0

Let's call my root level foo and my child level events. I want to aggregate on the events level but with a filter that EITHER the event has color "orange" OR the parent foo has customerId "35".

So, I want to have a filter aggregation that's inside a nested aggregation. In this filter's query clause, I have one child that refers to a field on foo and the other refers to a field on events. However, that first child has no way to actually reference the parent like that! I can't use a reverse_nested aggregation because I can't put one of those as a child of a compound query, and I can't filter before nesting because I'd lose the OR semantics that way. How do I reference the field on foo?

Concrete example if it helps. Mapping:

{
  "foo": {
    "properties": {
      "customer_id": { "type": "long" },
      "events": {
        "type": "nested",
        "properties": {
          "color": { "type": "keyword" },
          "coord_y": { "type": "double" }
        }
      }
    }
  }
}

(update for clarity: that's an index named foo with the root mapping named foo)

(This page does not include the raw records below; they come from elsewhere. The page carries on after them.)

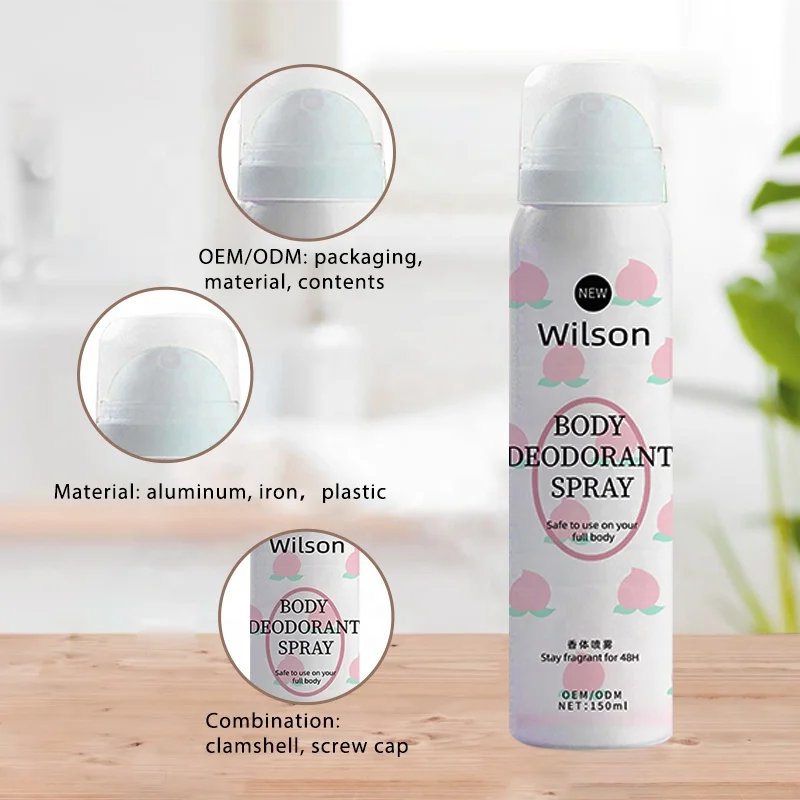 Hot Sale Perfume Spray Hight Quality Body Deodorant antiperspirant  Spray Aerosol factory producer Made in China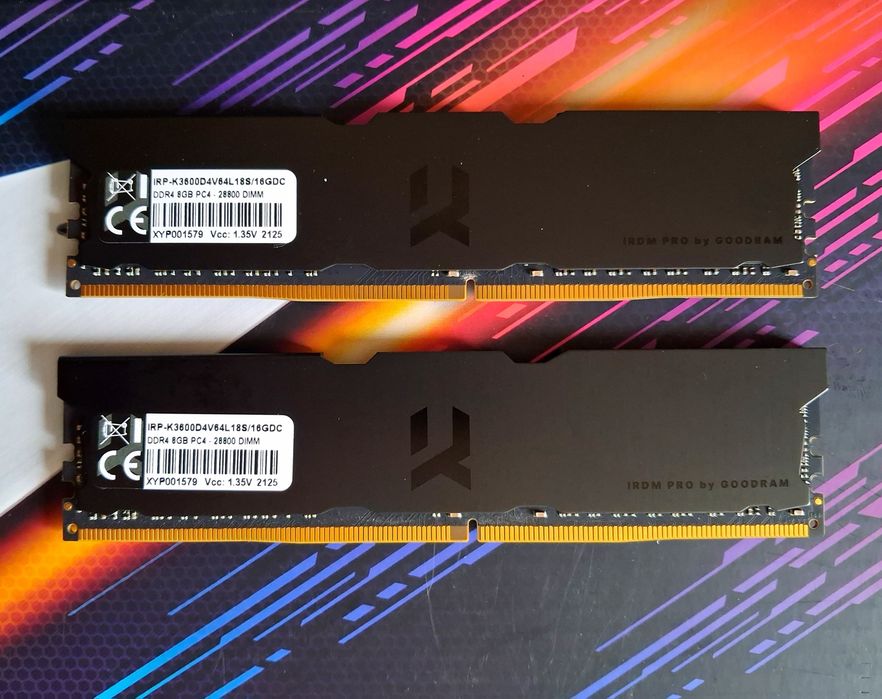 DDR4 16gb 3600mhz IRDM PRO Deep Black Goodram (2x8gb) оперативная память ОЗУ  RAM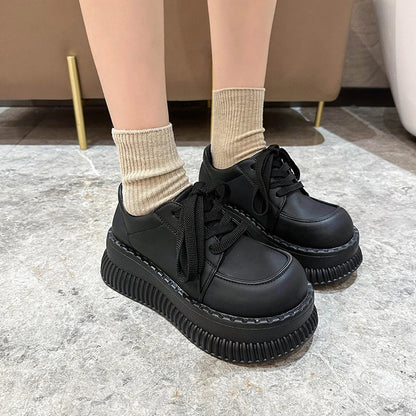 Comfortable Ladies Thick Sole Flat Shoes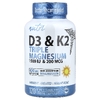 Nutri, Тройной магний с витаминами D3 и K2, 120 веганских капсул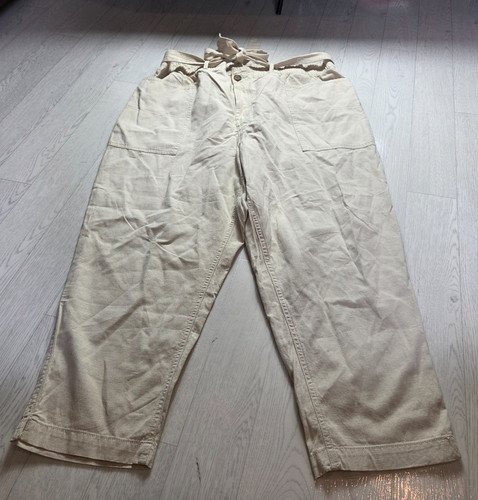 Paperbag hose mit weitem bein - mit,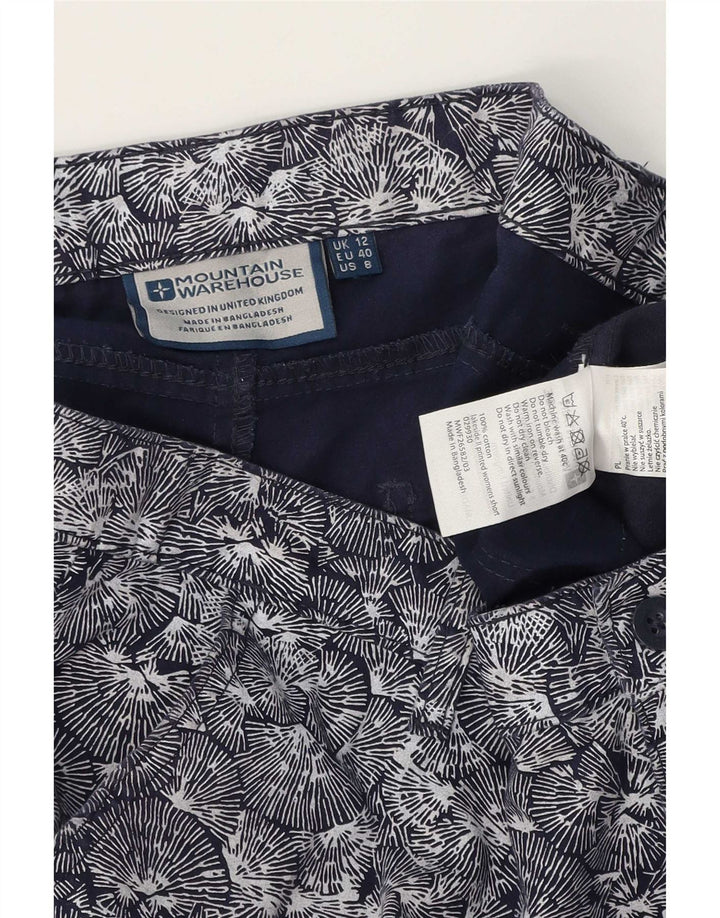 Pantalones cortos chinos para mujer Mountain Warehouse UK 12 Medium W34 Azul marino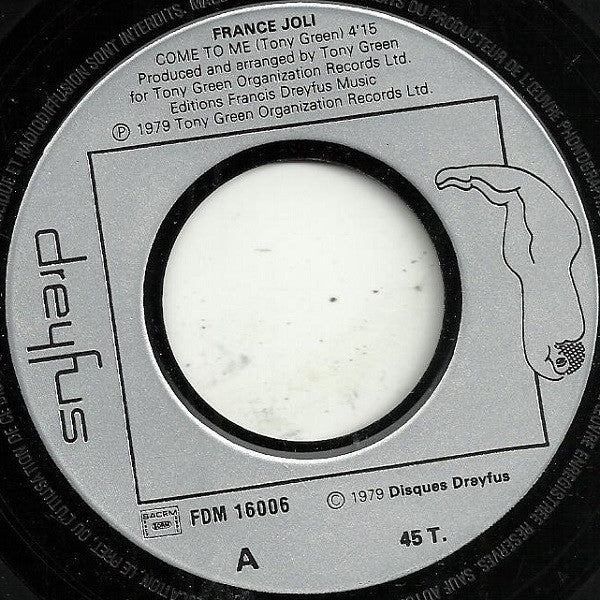 France Joli : Come To Me (7", Single)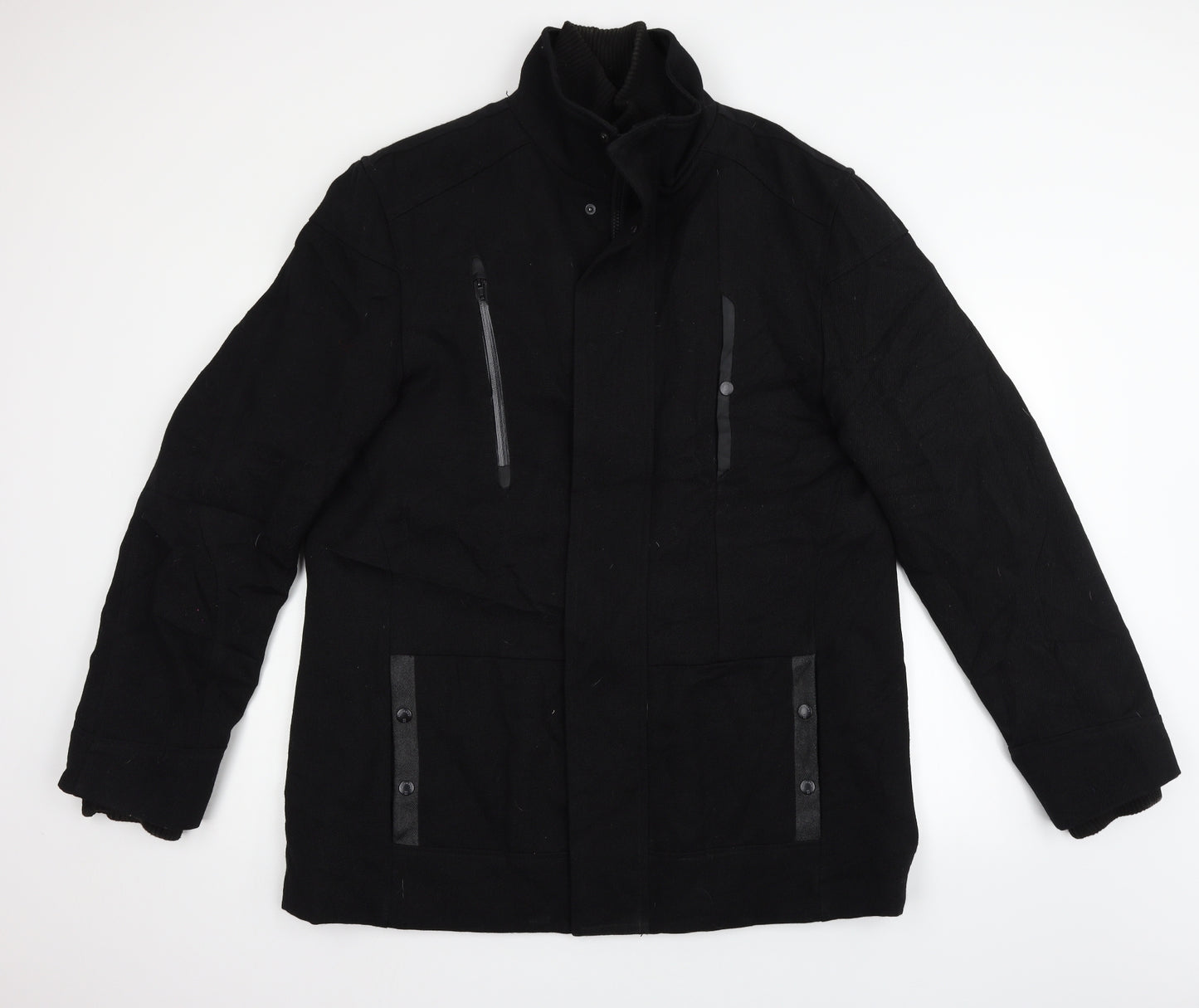 NEXT Mens Black   Puffer Jacket Coat Size XL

The query I want to be able to make:

{
  "aggs": {
    "OP0_nest": {
      "nested": { "path": "events" },
      "aggs": {
        "OP0_custom_filter": {
          "filter": {
            "bool": {
              "should": [
                { "term": { "events.color": "orange" } },
                { "term": { "customer_id": 35 } }
              ]
            }
          },
          "aggs": {
            "OP0_op": {
              "avg": { "field": "events.coord_y" }
            }
          }
        }
      }
    }
  }
}

Of course, this does not work, because the child of the should clause containing customer_id does not work. That term query is always false because customer_id can't be accessed inside the nested aggregation.

Thanks in advance!

K. M
  • 867
  • 1
  • 8
  • 17

1 Answers1

3

Since the fields you want to apply filter on are at different levels you need to make query for each level separately and place them in should clause of bool query which becomes the filter for our filter aggregation. In this aggregation we then add a nested aggregation to get the avg of coord_y.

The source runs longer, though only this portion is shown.